The announcement came as a great relief to residents whose homes were contaminated by the plant.
“I’m in shock. I’m happy and I’m almost excited,” said Terry Cano, a single mother in Boyle Heights whose lawn was found to have hazardous levels of lead contamination. “It’s not enough money to fix the whole issue but it is a start.”
The lead-acid battery recycling plant was closed in 2014, with Exide agreeing to pay $50 million for cleanup of the site and surrounding neighborhoods. In August, $7 million in emergency funding was approved to test up to 1,500 homes, parks, schools and daycare centers.
The Los Angeles County Board of Supervisors approved an additional $2 million last October to help speed up the cleanup of the contaminated soil.
“This Exide battery recycling facility has been a problem for a very long time,” Brown said in a statement. “With this funding plan, we’re opening a new chapter that will help protect the community and hold Exide responsible.”
The governor’s plan comes after a series of reports by CBS2/KCAL9 detailing hazardous levels of contamination in yards, such as at Cano’s home, which has been in her family since the 1930’s.
State Senator Kevin DeLeon credited that reporting with
“(Gov. Brown) was keenly aware of what was happening, through interviews that we’ve done on KCBS,” DeLeon said. “It had an impact in the state capital.”
Brown’s plan was outlined in a letter to the chairs of the Senate and Assembly budget committees. The funds would ensure the cleanup of all homes, schools, daycare centers and parks within a 1.7-mile radius of the shuttered facility, where lead levels are highest and potential exposure the greatest.
“The governor has stepped up for thousands of Angelenos victimized by an irresponsible and bankrupt company,” Los Angeles Mayor Eric Garcetti said in a statement. “Only government can defend the most vulnerable among us.
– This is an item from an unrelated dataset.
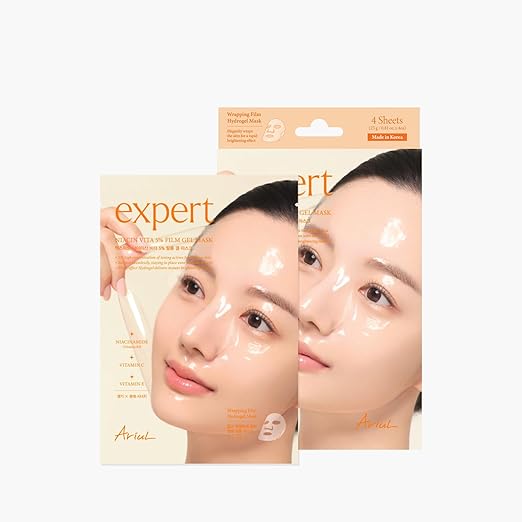 Ariul Expert Niacin Vita 5% Film Gel Mask 4ea - SKINNOTE INC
Governor Brown has exercised that responsibility with an urgent call for resources to test and clean up thousands of homes in the Boyle Heights neighborhood.”
According to an analysis from the Department of Toxic Substances Control, releases from the 15-acre facility deposited lead dust across an area of southeast Los Angeles County, resulting in contamination extending nearly two miles from the facility and impacting up to 10,000 homes, parks and schools.
As many as 1,000 homes may be found to have toxicity that qualifies as hazardous waste, and the price tag to clean up the area could run in excess of $400 million, Supervisor Hilda Solis said in October.
Gaseous plant emissions are no longer an issue since the plant has been shut down, but lead contamination in the soil could cause developmental delays and cognitive impairments. A public health spokesman also cited an increased risk of cancer linked to other chemicals once emitted by the plant.
To date, more than 10,000 tons of contaminated soil has been removed from homes around the shuttered facility.
LA County Supervisor Hilda Solis, whose district includes areas affected by the lead contamination, said the money would be a good start. But she said there are still an unknown number of health problems to address in the community, too.
“It still doesn’t help the person who has developmental disabilities or brain injuries, or spinal injuries, or cancer or liver disease,” she said. “Those things still have to be fixed.”